Lingerie is being taken more seriously

Lingerie is being taken more seriously

Wider availability of underwear at a range of different price points is likely to continue over the next  five years.

Whilst supermarkets are somewhat limited in the amount of space they dedicate to non-food items (before these start to threaten their own core activities), more lingerie will find its way onto the shelves.

Lingerie, a new Market Report from market intelligence providers Key Note, examines the market for lingerie, corsetry and hosiery in the UK, and identifies future market trends.

In recent years, the number and variety of retail channels at which women can buy underwear has risen enormously.

As well as a much improved product range from the major retailer, Marks & Spencer (which accounts for around 30 per cent of sales of women’s underwear), supermarkets have strengthened their hold in terms of the ranges they offer, and the high street generally has started to take lingerie seriously.

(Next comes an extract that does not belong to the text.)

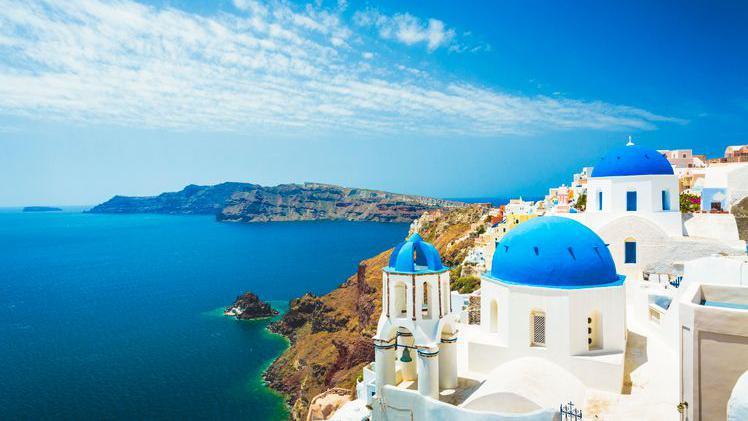 Santorini in the sunshine.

Fashion retailers, such as New Look, Next and Oasis, have put lingerie increasingly at the forefront of their strategies in terms of new product development and price positioning.

The discount retailers (Matalan, Primark and others) are also increasingly influential as well, and are also increasing pressure on the market for good-quality but, nevertheless, low-priced lingerie garments.

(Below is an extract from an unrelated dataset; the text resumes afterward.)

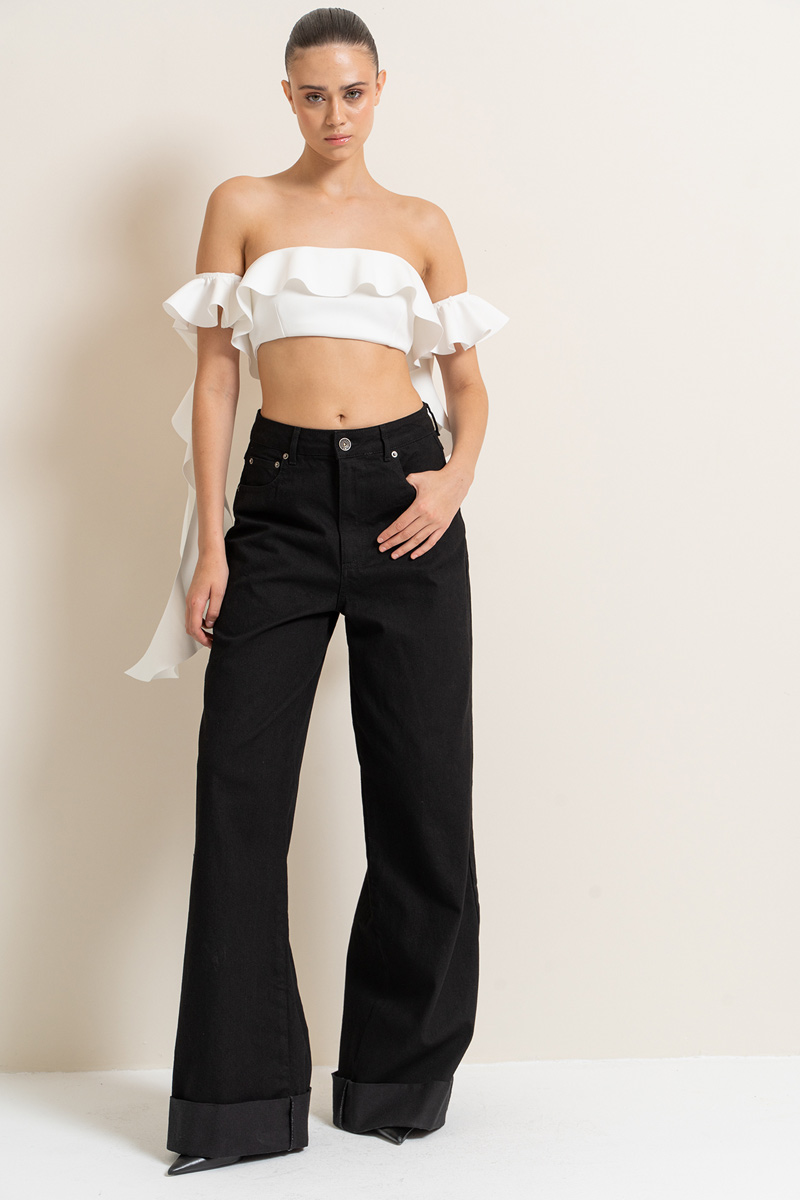 Offwhite Ruffle Mini Tube Top with Detached Sleeves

This has both broadened the choice for the consumer and raised the stakes in terms of competitive activity.

Both the lingerie and corsetry sectors performed strongly over the period from 2002 to 2006, with corsetry now being the largest sector, and also experiencing the highest rises in value.


The total UK lingerie market (including corsetry, lingerie and hosiery) was worth £2.48bn at retail selling prices (rsp) in 2006, representing an increase of 13.3 per cent from 2002.


However, the hosiery sector declined in value between 2002 and 2006, being impacted by the volume-led strategies of the supermarkets.

Similarly to the other market sectors, the hosiery sector has had to respond to the highly competitive performance on the part of the own-label segment.

Key Note’s report includes some of the findings of BMRB International’s 2006 Target Group Index (TGI) survey, with regard to consumers’ purchasing of lingerie and their use of hosiery items.

Whilst underwear is a basic requirement, the percentage of women who did not claim to have bought any underwear (i.e. bras, pants or other lingerie) in the 12 months prior to the 2006 survey was quite high – at 16.2 per cent for pants and 17.2 per cent for bras.

However, the fact that the statistics are lower than in 2004 suggests that, although there is still work to be done by the industry, volume growth is probably on the increase.

It appears that retailers are succeeding in encouraging shoppers to buy more items.


Key Note forecasts the total lingerie market will grow to around £2.9bn at rsp over the next five years (from 2007 to 2011).